Content starts

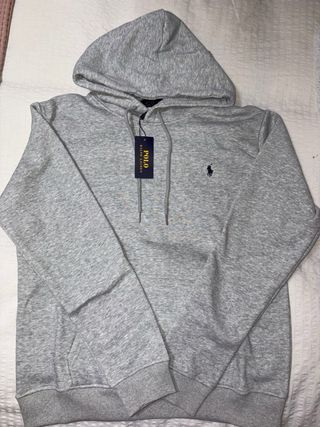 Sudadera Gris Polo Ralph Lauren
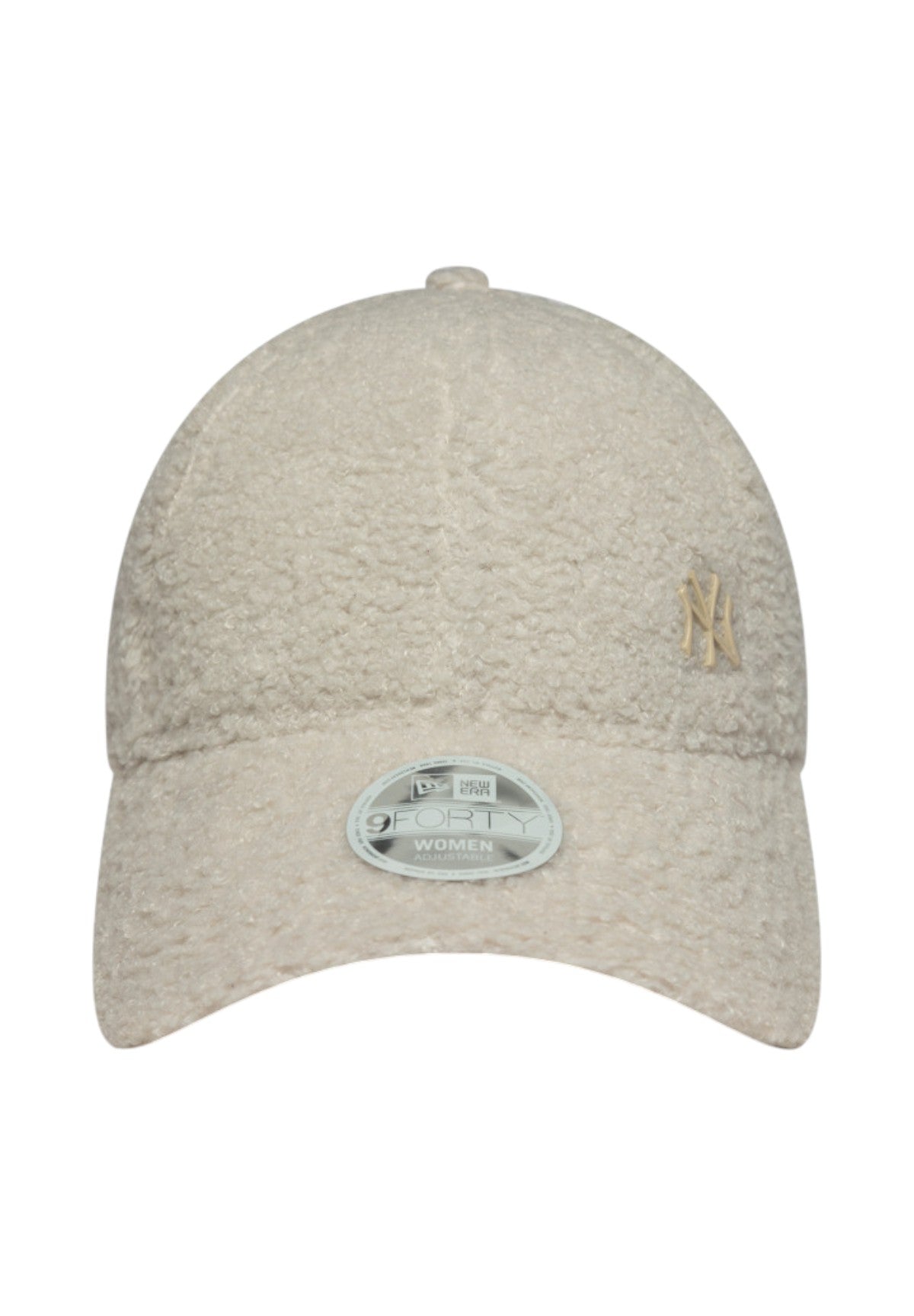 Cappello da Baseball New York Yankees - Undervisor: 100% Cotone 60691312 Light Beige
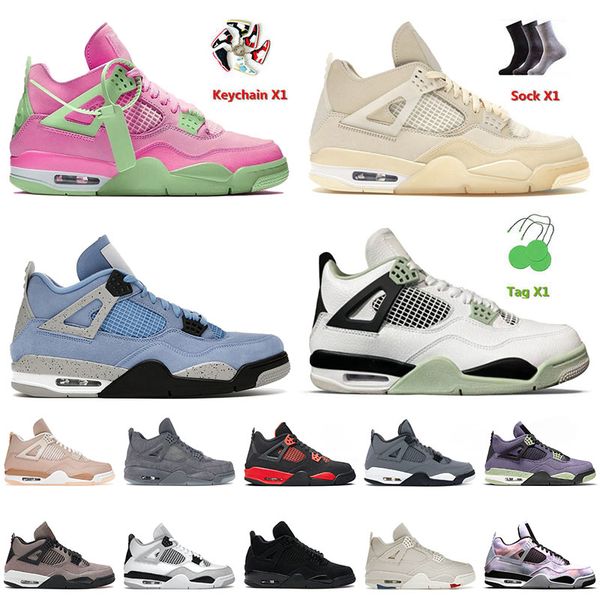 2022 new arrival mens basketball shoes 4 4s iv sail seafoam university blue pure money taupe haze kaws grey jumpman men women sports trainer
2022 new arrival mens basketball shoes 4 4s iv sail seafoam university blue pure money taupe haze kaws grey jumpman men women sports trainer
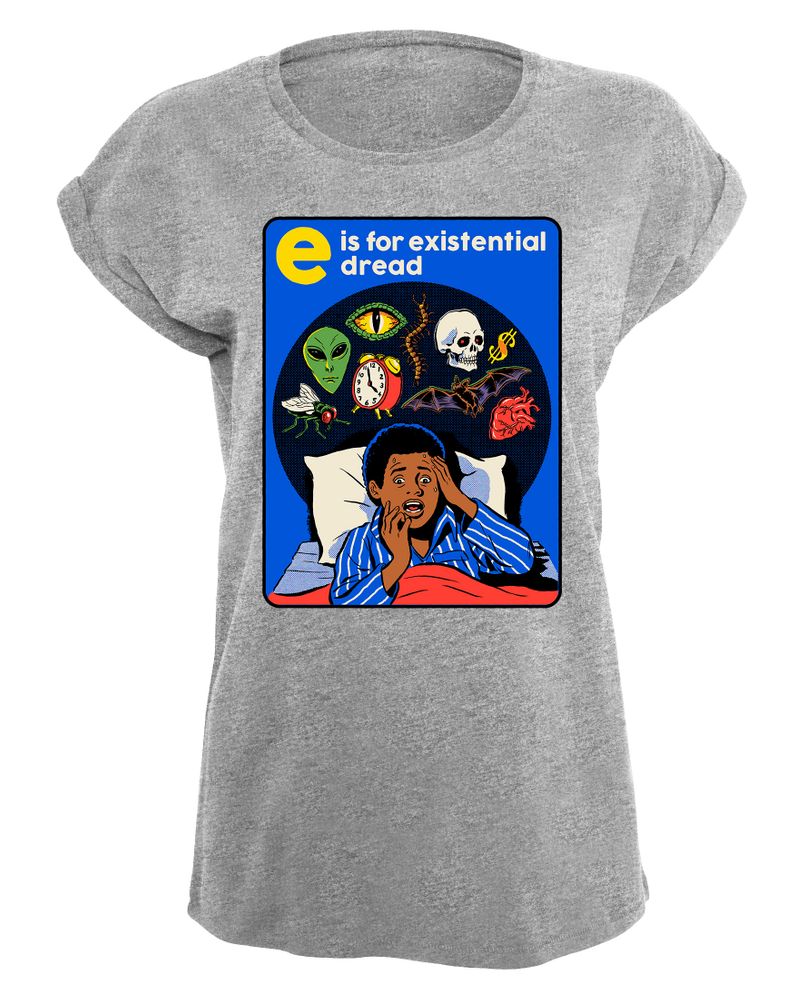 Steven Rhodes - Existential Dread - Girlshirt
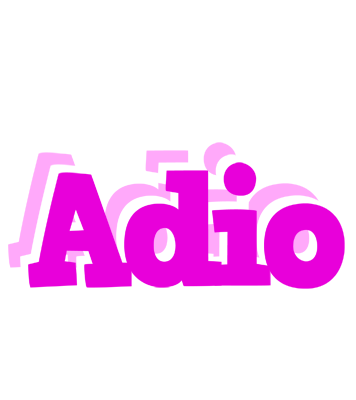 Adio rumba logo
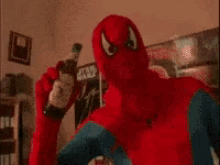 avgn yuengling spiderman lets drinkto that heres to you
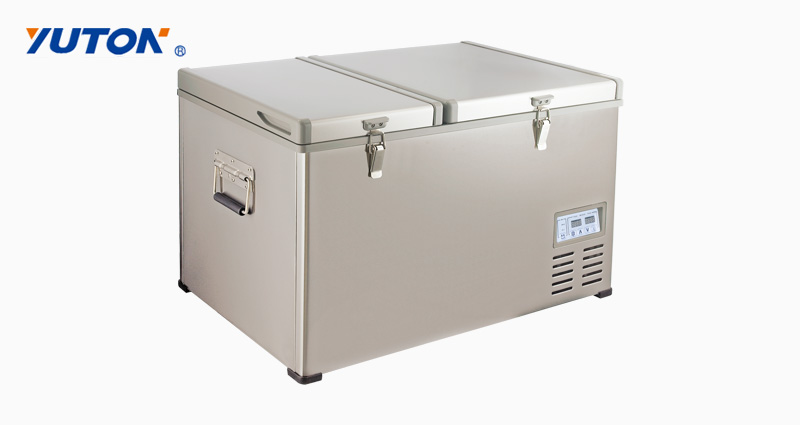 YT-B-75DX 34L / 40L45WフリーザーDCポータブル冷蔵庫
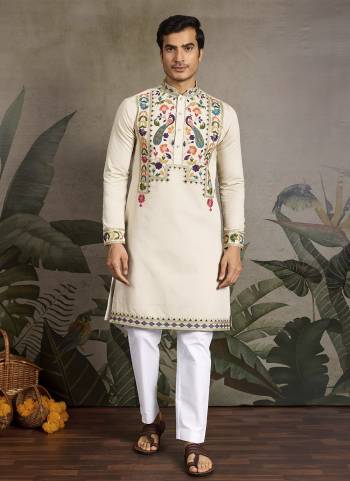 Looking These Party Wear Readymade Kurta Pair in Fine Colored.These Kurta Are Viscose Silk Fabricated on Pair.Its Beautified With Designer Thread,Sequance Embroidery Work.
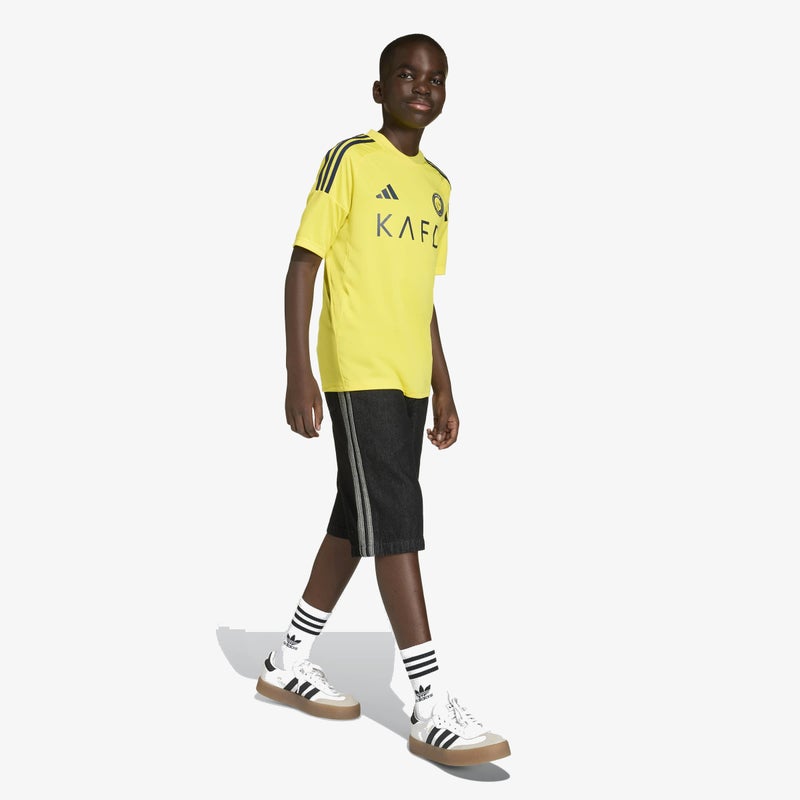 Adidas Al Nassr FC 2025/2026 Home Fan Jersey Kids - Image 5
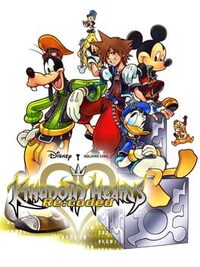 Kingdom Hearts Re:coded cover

Content ends

Give back the material word for word and drop the pictures it holds.

Result for this task:
 Sudadera Gris Polo Ralph Lauren
 Cappello da Baseball New York Yankees - Undervisor: 100% Cotone 60691312 Light Beige
 2022 new arrival mens basketball shoes 4 4s iv sail seafoam university blue pure money taupe haze kaws grey jumpman men women sports trainer
2022 new arrival mens basketball shoes 4 4s iv sail seafoam university blue pure money taupe haze kaws grey jumpman men women sports trainer
 Steven Rhodes - Existential Dread - Girlshirt
 Adio rumba logo
 avgn yuengling spiderman lets drinkto that heres to you
 YT-B-75DX 34L / 40L45WフリーザーDCポータブル冷蔵庫
 Looking These Party Wear Readymade Kurta Pair in Fine Colored.These Kurta Are Viscose Silk Fabricated on Pair.Its Beautified With Designer Thread,Sequance Embroidery Work.
 Adidas Al Nassr FC 2025/2026 Home Fan Jersey Kids - Image 5
 Kingdom Hearts Re:coded cover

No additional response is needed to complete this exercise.